Perugia, celebrata la veglia di preghiera con mandato missionario
Molto partecipata è stata la Veglia diocesana di preghiera in preparazione alla Giornata Mondiale Missionaria (domenica 23 ottobre) tenutasi a Perugia, presso la chiesa di San Ferdinando, nella serata del 21 ottobre. Presieduta dall’arcivescovo Ivan Maffeis insieme al direttore dell’Ufficio per la cooperazione tra le Chiese, mons. Orlando Sbicca, e a diversi sacerdoti, religiosi e religiose, la veglia è culminata con il mandato missionario conferito a Giacomo e Elena con i loro quattro figli, una giovane famiglia che presto ritornerà in Perù, nella missione dell’Operazione Mato Grosso dove ha operato anche la missionaria martire Nadia De Munari, uccisa lo scorso anno. A ciascuno di loro è stato donato un crocifisso, «segno – ha commentato mons. Maffeis – di fede e di carità per tutti… Giacomo, Elena, i loro figli, ripartendo per il Perù, diventano un segno e lo Spirito del Risorto li accompagni e interroghi ciascuno di noi a fare la propria parte». La Veglia è stata alternata da preghiere e meditazioni dal forte richiamo alla missione e alla carità che ogni cristiano è chiamato a testimoniare, tratte da brani di papa Francesco e di Santa Teresa di Calcutta di cui quest’anno ricorre il 25° anniversario della morte.
Mons. Maffeis, commentando il passo del Vangelo, ha ricordato che «lo Spirito Santo è la forza che ancora oggi, come all’inizio del cristianesimo, porta i battezzati ad annunciare, a testimoniare Cristo a tutti i popoli. I nostri piedi sono piantati saldamente su questa terra dove testimoniamo l’amore al Signore e l’amore del Signore per ogni uomo. Non è un caso che dove arriva il Vangelo, dove arriva un missionario cresce la comunità, lo sviluppo, la persona, la giustizia e la pace. E a questo proposito ci uniamo a tutti coloro che nelle piazze del Paese stanno alzando la voce per domandare che finisca la guerra in Ucraina, che si arrivi davvero ad un negoziato credibile per fermare questa guerra».

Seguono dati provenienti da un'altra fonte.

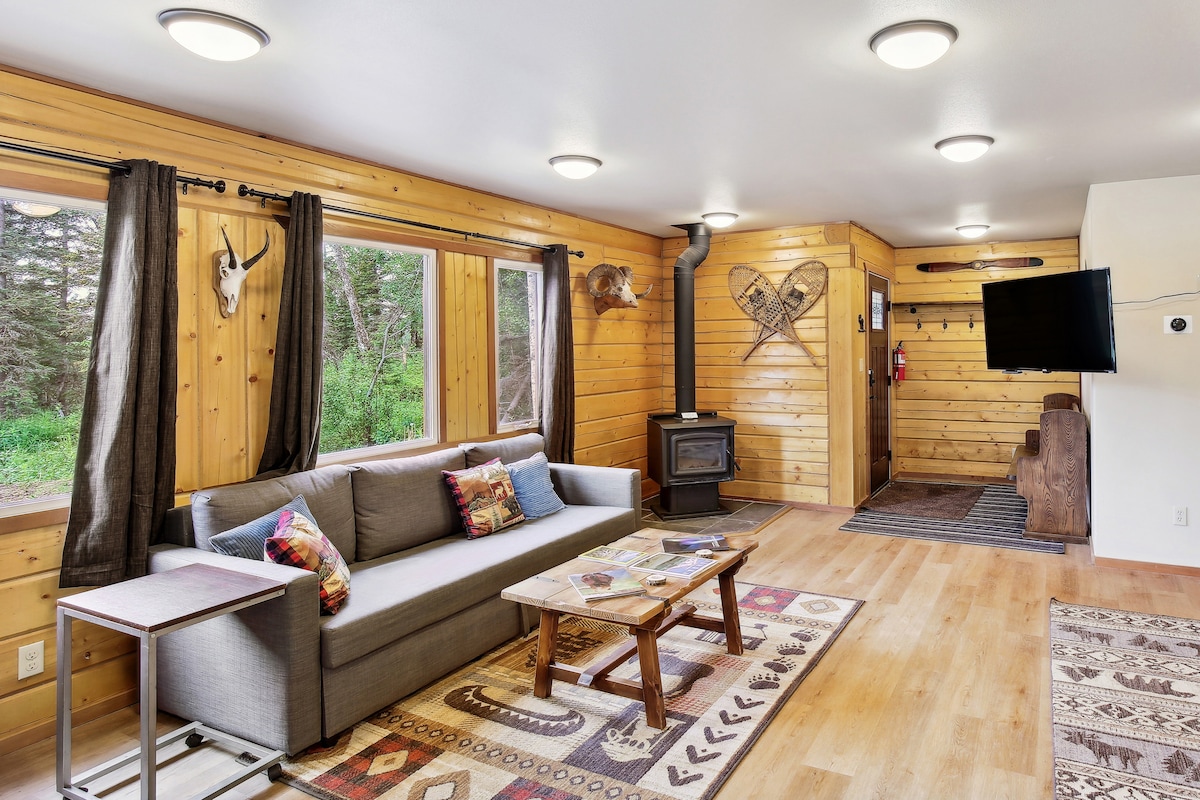 Welcoming Wasilla Cabin w/ Patio!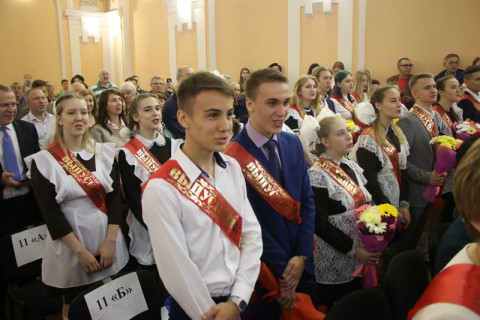 В школьные аттестаты добавят особые коды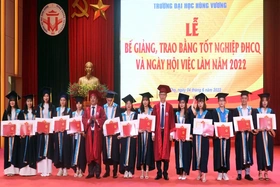 Trường Đại học Hùng Vương tổ chức bế giảng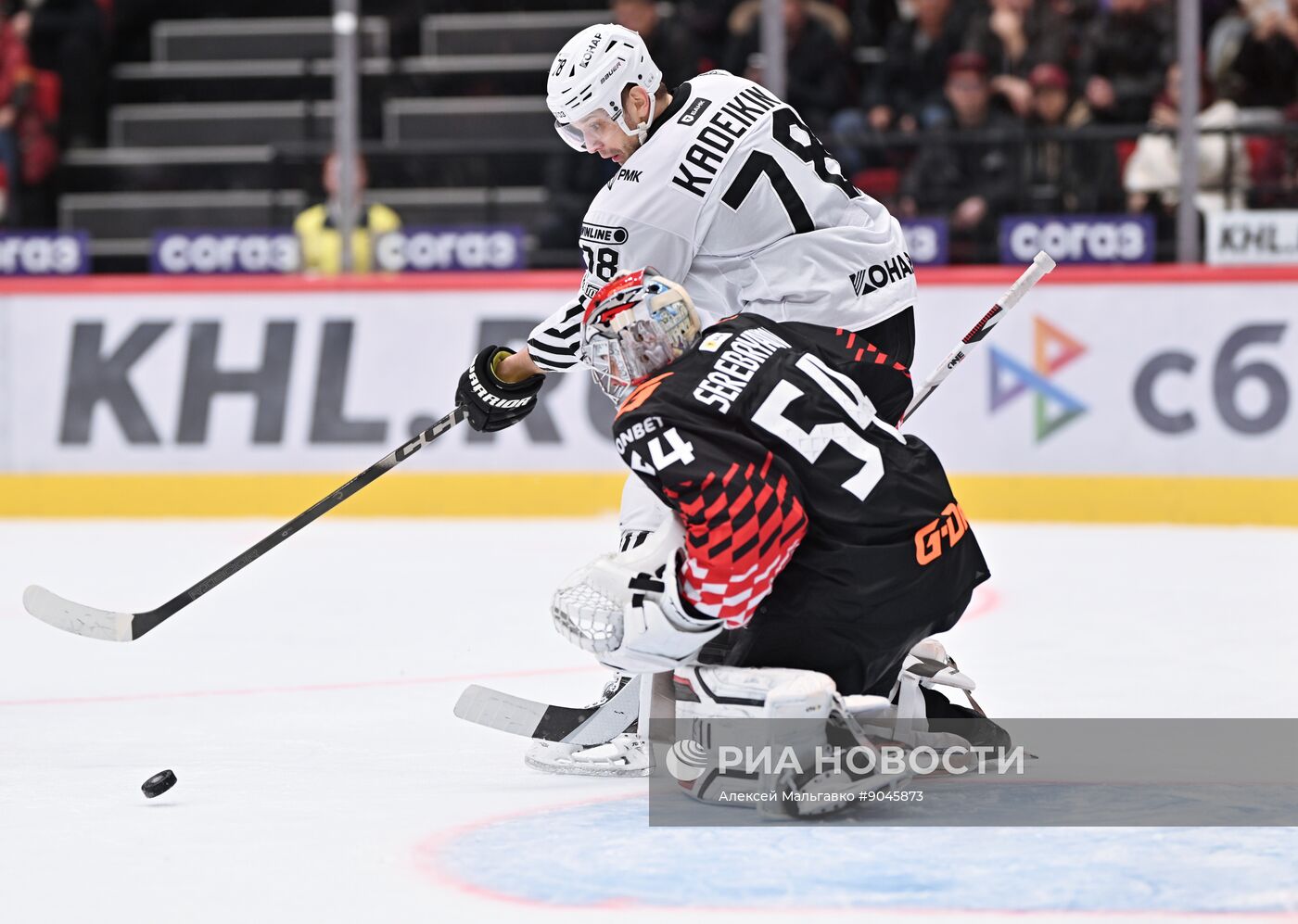 Хоккей. КХЛ. "Авангард" (Омск) - "Трактор" (Челябинск)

«Quella dei missionari – ha sottolineato l’arcivescovo – è spesso una testimonianza a caro prezzo, a prezzo della loro stessa vita. Il testimone del Vangelo è un martire, è uno che dice che nel Signore ha trovato quella pienezza, che Dio è tutto, per cui il resto diventa relativo. Per quanto è importante la vita, la stessa vita può essere donata. E qui va il pensiero ai tanti Paesi del mondo in cui non c’è libertà religiosa, Paesi in cui laici, religiosi, religiose, preti, vescovi pagano con la vita la loro testimonianza. Oggi pensiamo all’Eritrea, al Camerun, al Nicaragua, semplicemente per prendere tre diverse notizie attuali, di persone sequestrate, imprigionate per la loro fede. Rivolgo il mio grazie e la mia gratitudine alle tante persone che partecipano alla Veglia di questa sera e a quanti provengono da Paesi diversi dal nostro, testimoni della loro fede nel Signore e con questa testimonianza aiutano le nostre comunità a ringiovanirsi nella fede».